Yesterday Shaun Levin, Steve
Vizard’s long-time business partner, criticised Crikey for suggesting
that Steve Vizard had an interest in the advertorial TV show Bread.

He claimed that he was not the “nominal head of Vizard’s raft of
companies,” but the sole director and secretary of Communicate Pty Ltd,
the Trustee of The Communicate Trust … that “Steve Vizard has never
had a legal or beneficial interest in The Communicate Trust … that
“Communicate Productions Pty Ltd is and has always been wholly owned by
The Communicate Trust. As such Steve Vizard has no legal or beneficial
interest in it. To refer to this company as a “Vizard vehicle” is
wrong” … that “Bread
is produced by Communicate Productions Pty Ltd for Sensis Pty Ltd.
Sensis licenses the program for broadcast to Network Ten” … and to
suggest that Bread is ”a television show aimed at cross-promoting Steve Vizard’s business interests” is “simply incorrect.”

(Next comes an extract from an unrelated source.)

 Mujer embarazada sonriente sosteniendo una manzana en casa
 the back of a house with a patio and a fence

Well, we can’t fault Levin on the facts he chose to present. But what
about those he omits? For example, what are we to make of this press release in August 2003 announcing that Sensis (owned by Telstra) would own Bread?

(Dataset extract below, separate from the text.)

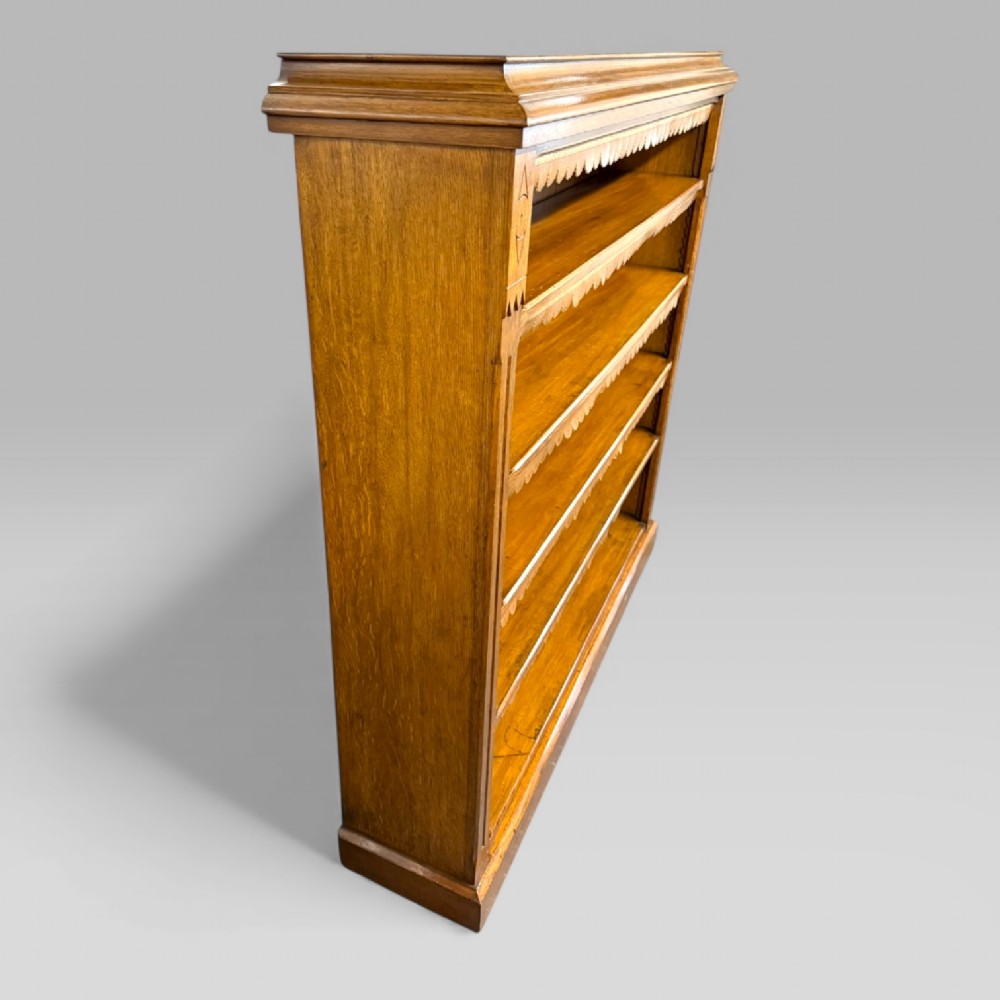 A late Victorian open bookcase crafted from golden oak, featuring scalloped edging along each shelf and subtle geometric carvings on the pilasters. View VII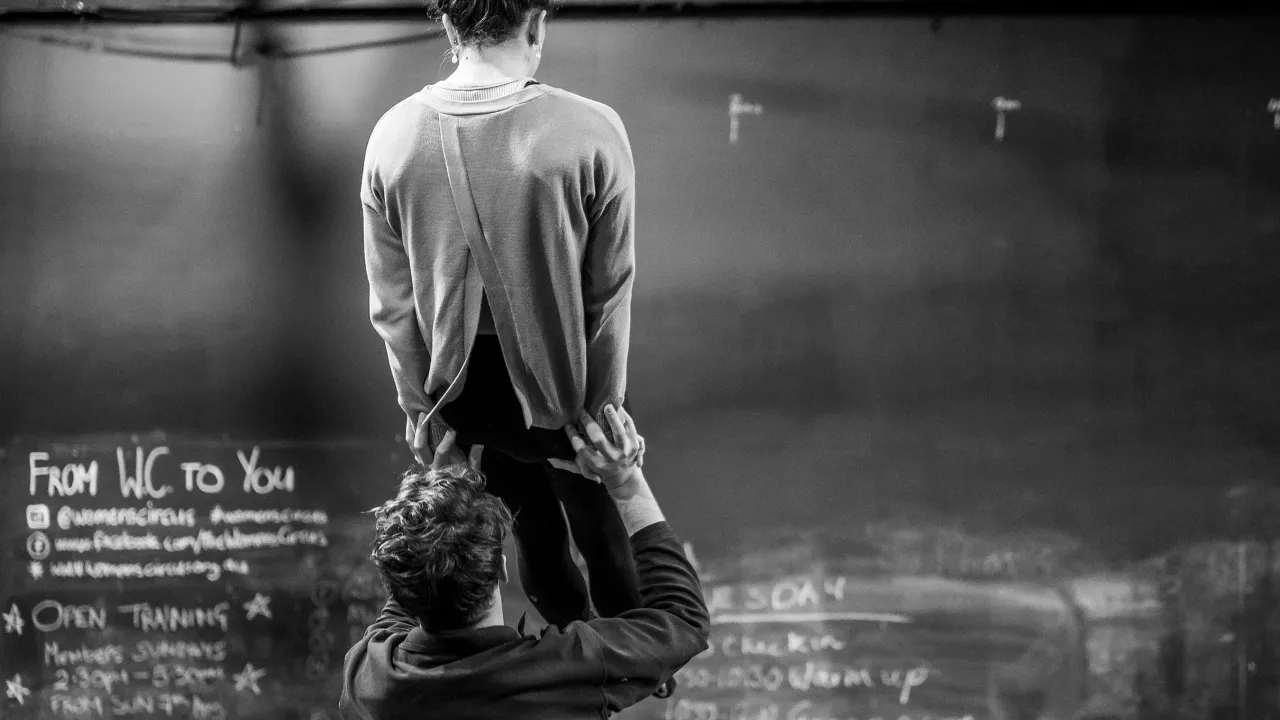 In a training space, two acrobats stand with their backs to the camera, facing a chalkboard covered in writing. One lifts the other as they practice a newly taught skill.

While Sensis has had experience in small business programs
aired on free-to-air television this will be the first time that the
company has owned and produced a television program. As a result,
Sensis has established partnerships with third parties to gain the
strategic expertise necessary to produce a high calibre program.
Leading businessman and TV personality, Mr Steve Vizard, through Communicate Productions, will produce the series in association with WTFN entertainment.

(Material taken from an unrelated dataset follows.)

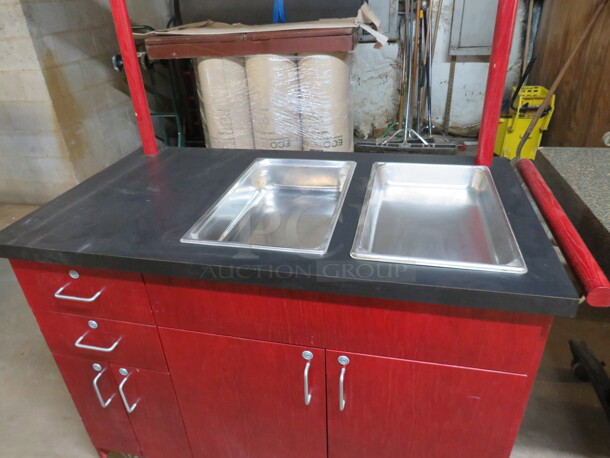 One Red Wood Work Station/Kiosk With A Black Laminate Top, 2 Full Size Hotel Pans, Push Bar,  4 Doors, And 2 Drawers, On Casters. 48X25X36 - Image 2 of 3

And what are we to make of this media release from WTFN Entertainment?

When the syndicate of Sensis and Steve Vizard’s Communicate company
set out to produce a ground-breaking small business series, they turned
to WTFN to make it happen. With just eight weeks lead time, WTFN pulled
together the production team and developed a business program format
that wasn’t dry and predictable. Instead, Bread focused on the
men and women who commit themselves to a life in small business. The
series captured their daily toils in an informative and entertaining
way.

Like so much in the messy Vizard saga, there’s more spin here than meets the eye.